- **Work item**
Every line from the one holding "Rent, one bedroom" through the one holding "BMW X7 xDrive40i - fotka 3 z 15" in the data below must be returned exactly, both ends included, with pictures left out and nothing else added.

** Records for this exercise follows **

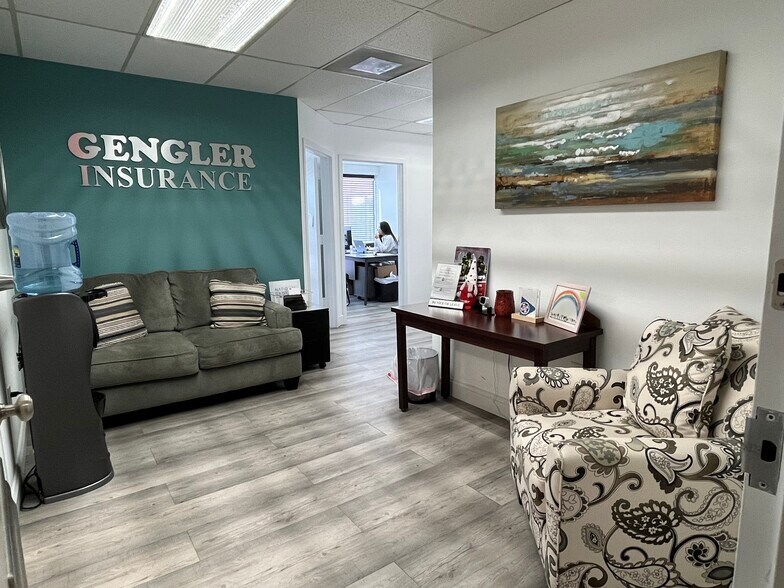 More Photos Of 14332-14430 Richmond Hwy, Woodbridge Unknown For Lease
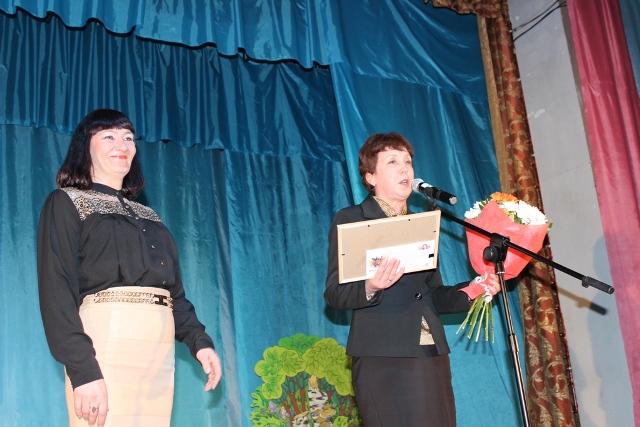 Людмила Копенкина награждает самую опытную актрису театра Елену Федорову, Фото с места события собственное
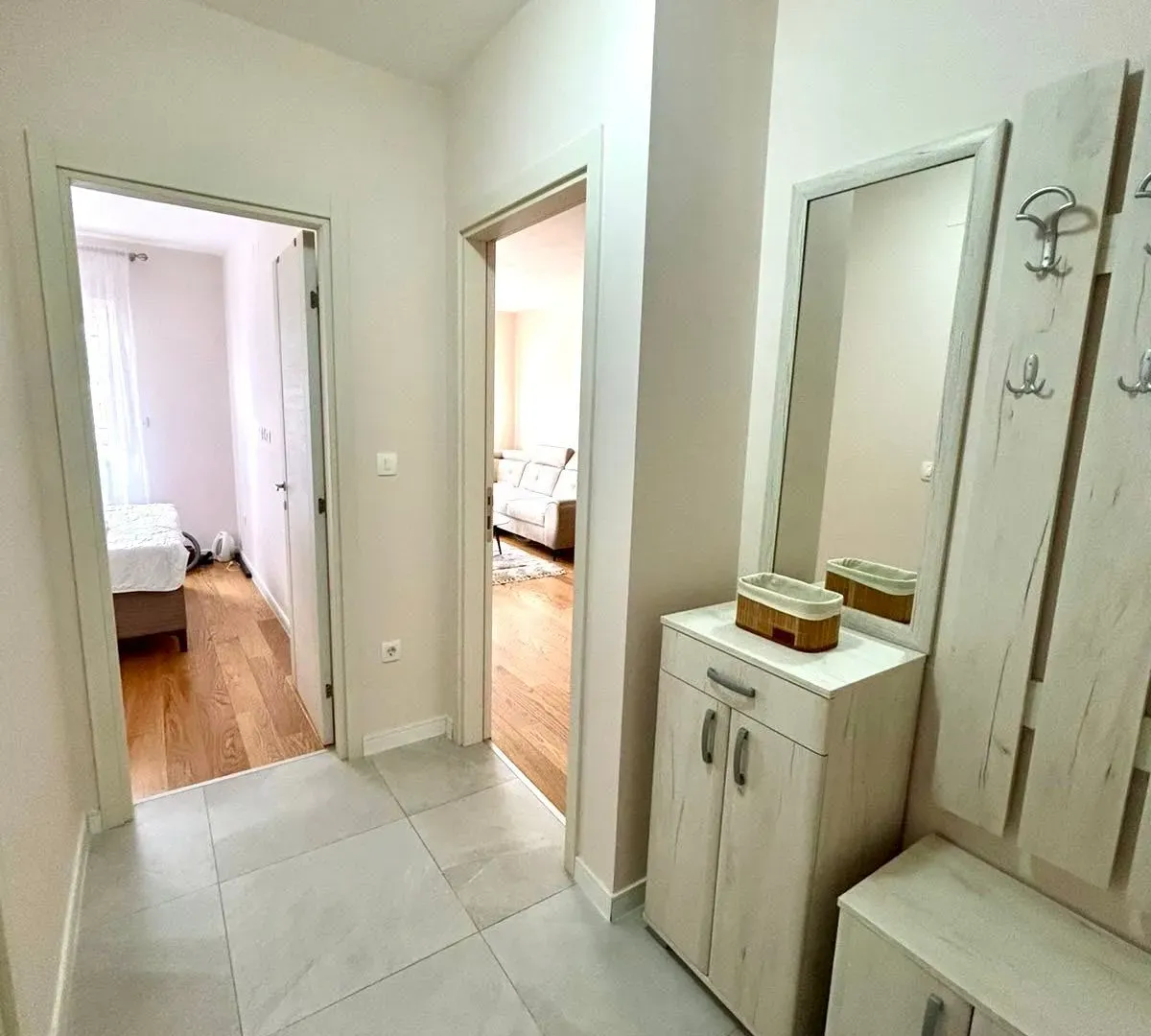 Rent, one bedroom apartment, 49m², Central Point, Podgorica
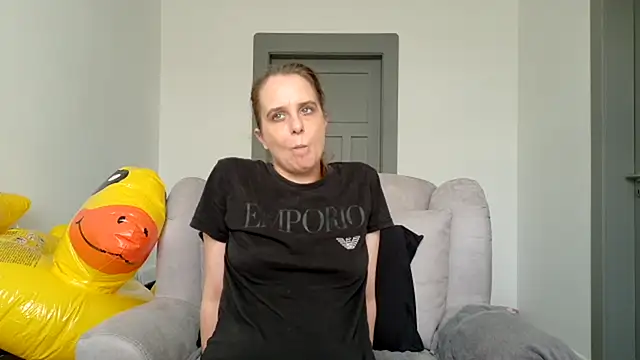 Chantalee webcam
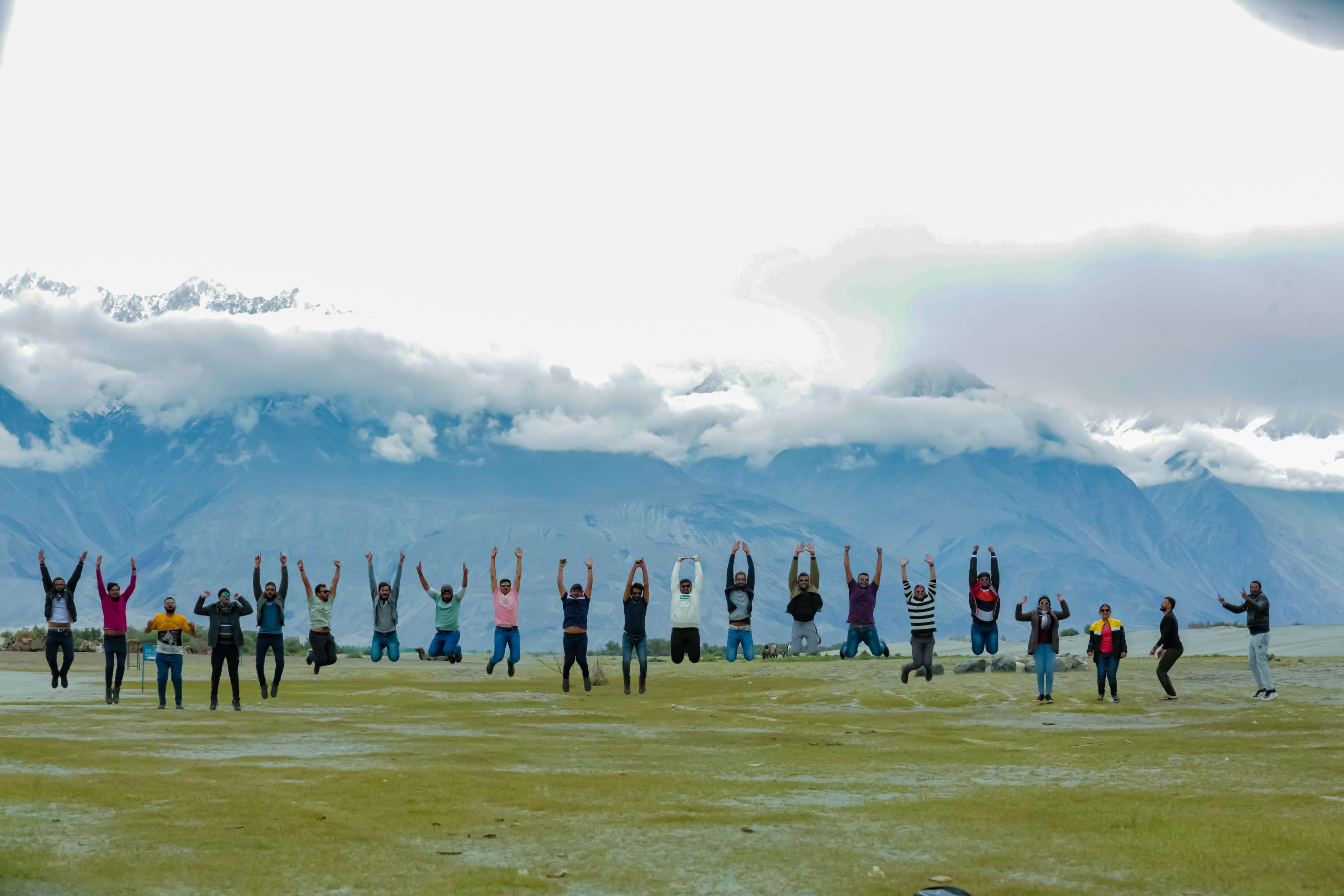 Leh Ladakh Group Tour With Umling La
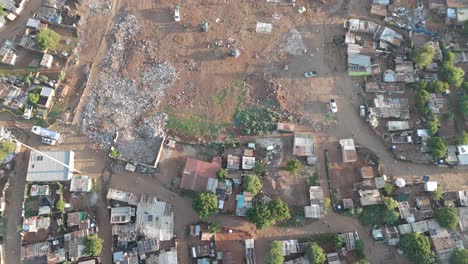 In-Diesem-Kurzen-4K-Luftbildclip-Fängt-Eine-Vogelperspektive-Die-Einfachheit-Und-Den-Charme-Einer-Ländlichen-Gemeinde-Außerhalb-Von-Pretoria,-Südafrika,-Ein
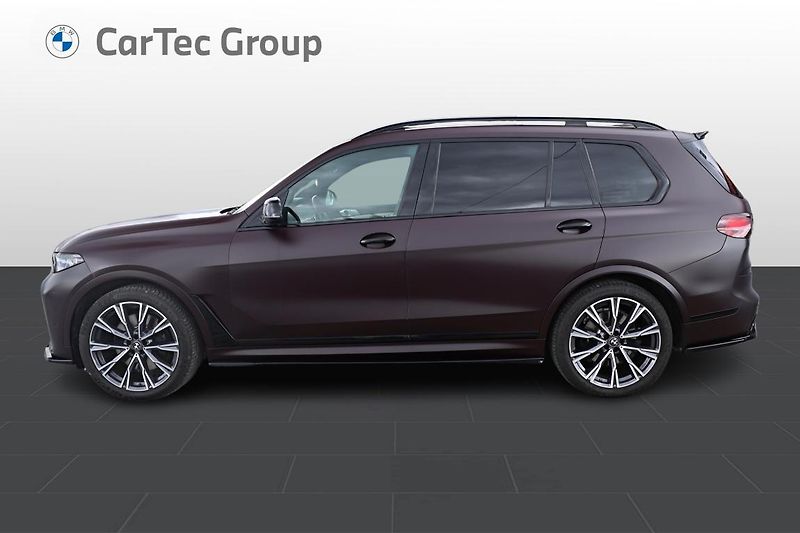 BMW X7 xDrive40i - fotka 3 z 15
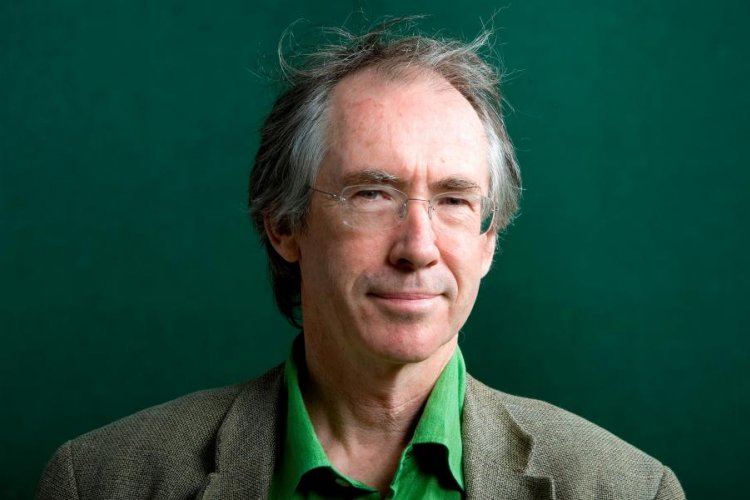 Man Booker Winner and Author or &#039;Atonement&#039; Ian McEwan Comes to The Bookworm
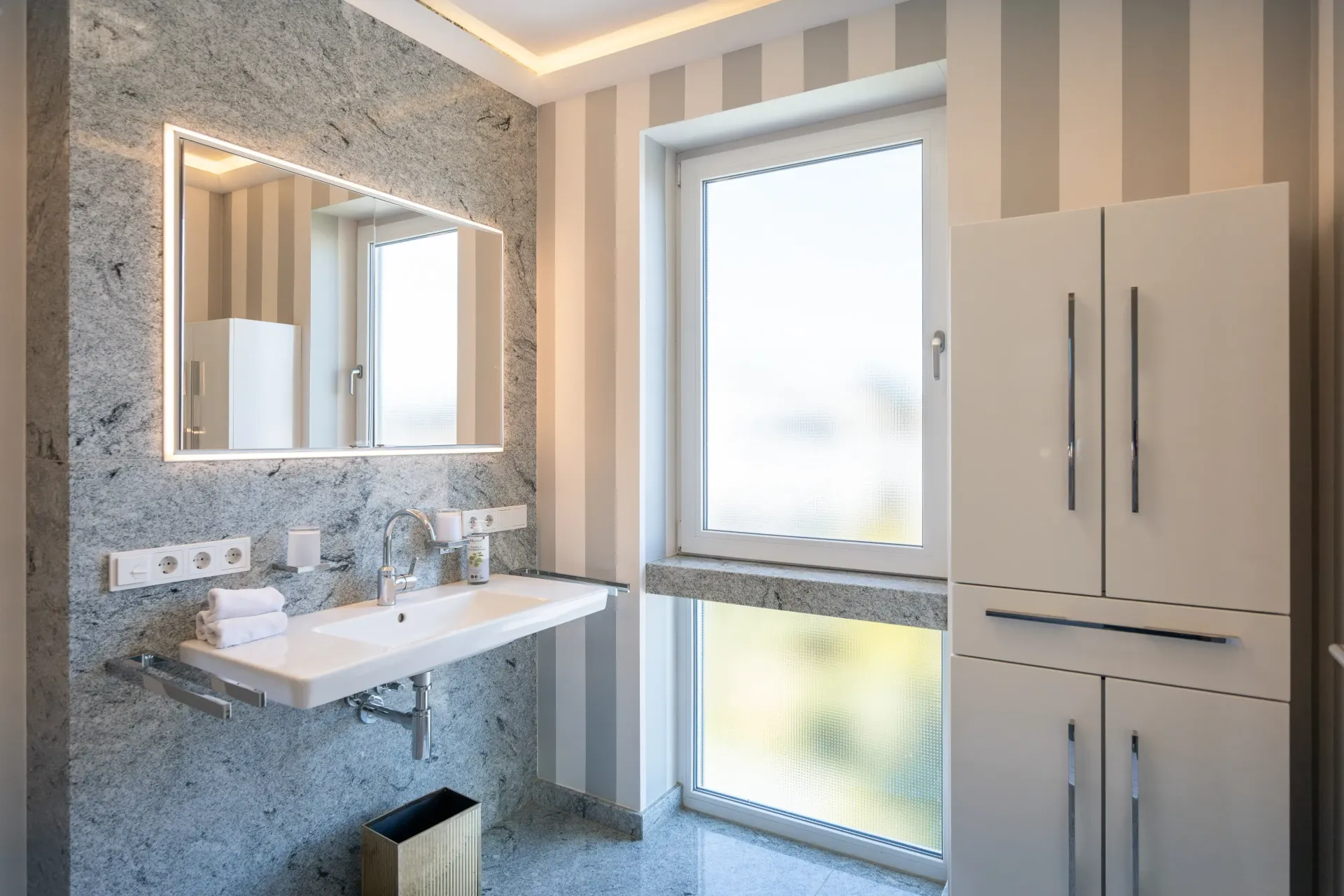 Eigentumswohnung in Landau mit traumhaftem Tageslichtbad, Granitplatten, Fußbodenheizung und bodenebener Dusche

** End of Records for this exercise **

- **Your solution**
 Rent, one bedroom apartment, 49m², Central Point, Podgorica
 Chantalee webcam
 Leh Ladakh Group Tour With Umling La
 In-Diesem-Kurzen-4K-Luftbildclip-Fängt-Eine-Vogelperspektive-Die-Einfachheit-Und-Den-Charme-Einer-Ländlichen-Gemeinde-Außerhalb-Von-Pretoria,-Südafrika,-Ein
 BMW X7 xDrive40i - fotka 3 z 15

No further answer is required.